(What the task requires): Further down are entries; set down exactly and only the lines from the one with "Afiş altın Noel" up to and including the one with "USA製 ブルックスブラザーズ 葉柄", dropping each picture.

(Given information):
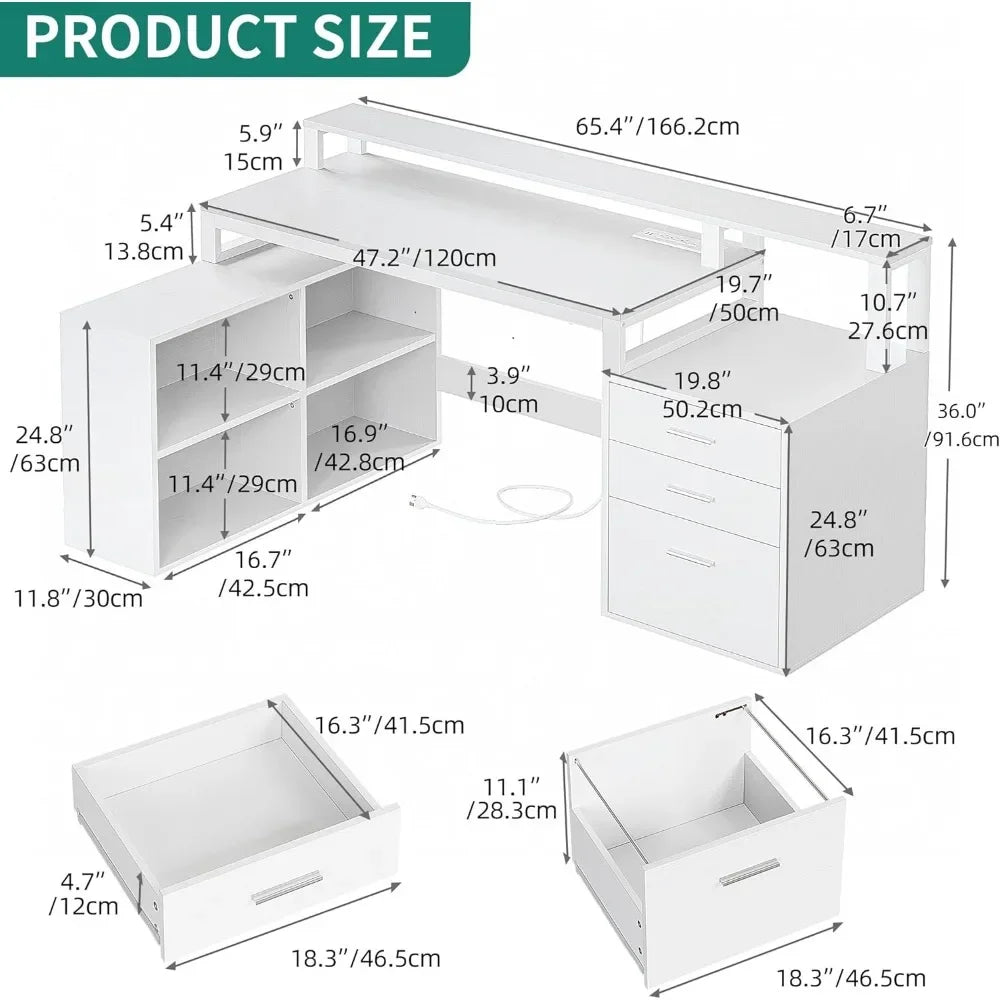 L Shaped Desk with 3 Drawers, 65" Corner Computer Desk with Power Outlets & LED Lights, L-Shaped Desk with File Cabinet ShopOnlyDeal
--
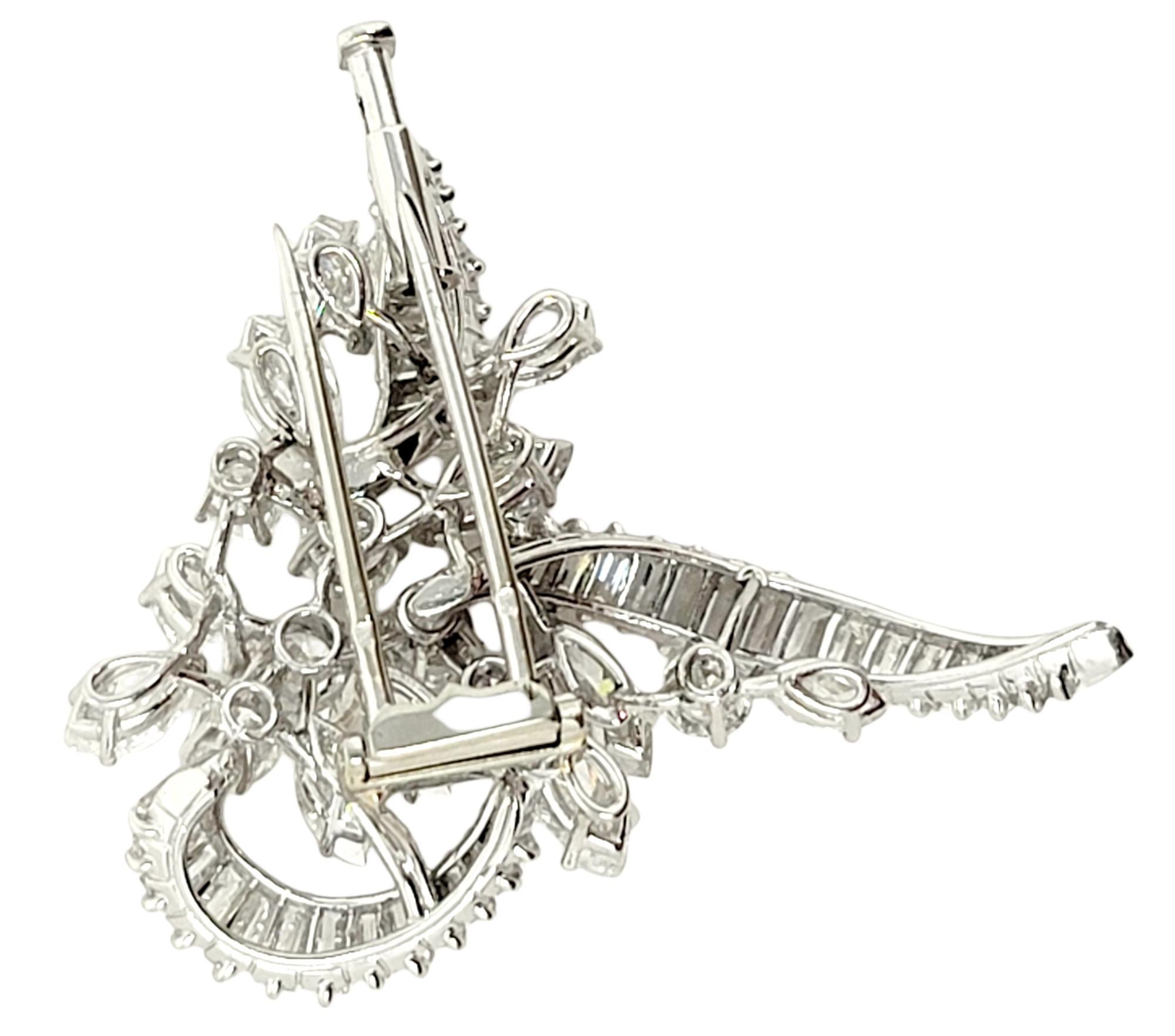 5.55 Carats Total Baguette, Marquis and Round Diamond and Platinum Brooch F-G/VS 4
---
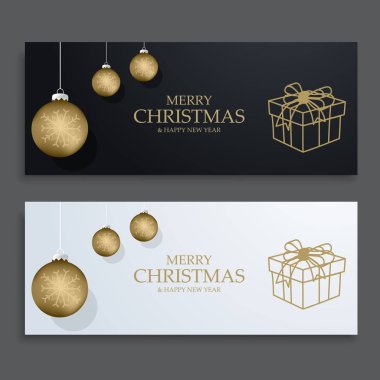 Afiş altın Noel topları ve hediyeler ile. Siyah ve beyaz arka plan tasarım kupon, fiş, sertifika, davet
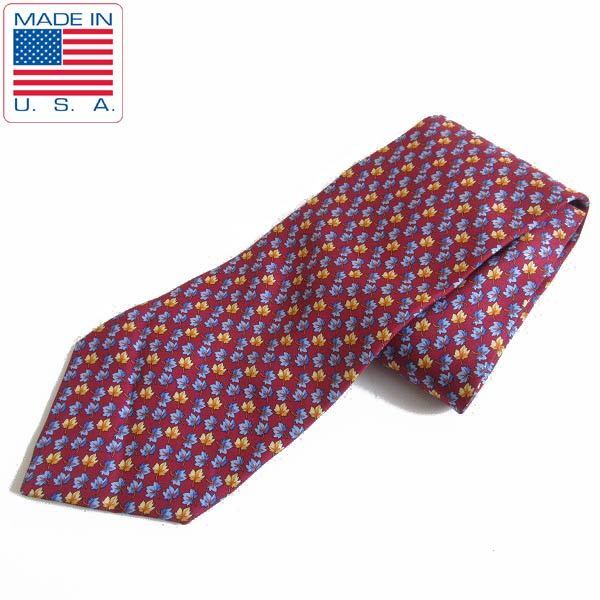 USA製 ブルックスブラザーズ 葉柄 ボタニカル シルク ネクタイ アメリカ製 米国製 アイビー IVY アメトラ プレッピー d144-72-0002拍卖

(Answer for this exercise):
 Afiş altın Noel topları ve hediyeler ile. Siyah ve beyaz arka plan tasarım kupon, fiş, sertifika, davet
 USA製 ブルックスブラザーズ 葉柄 ボタニカル シルク ネクタイ アメリカ製 米国製 アイビー IVY アメトラ プレッピー d144-72-0002拍卖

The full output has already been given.